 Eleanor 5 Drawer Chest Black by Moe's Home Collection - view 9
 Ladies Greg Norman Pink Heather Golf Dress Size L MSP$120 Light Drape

---

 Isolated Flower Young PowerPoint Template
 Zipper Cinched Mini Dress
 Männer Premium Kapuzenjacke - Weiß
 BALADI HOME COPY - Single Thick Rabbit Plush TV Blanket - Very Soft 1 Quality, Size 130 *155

_Your goal_. Copy every line from the data that includes the string "Size".

_Answer section_.
 Ladies Greg Norman Pink Heather Golf Dress Size L MSP$120 Light Drape
 BALADI HOME COPY - Single Thick Rabbit Plush TV Blanket - Very Soft 1 Quality, Size 130 *155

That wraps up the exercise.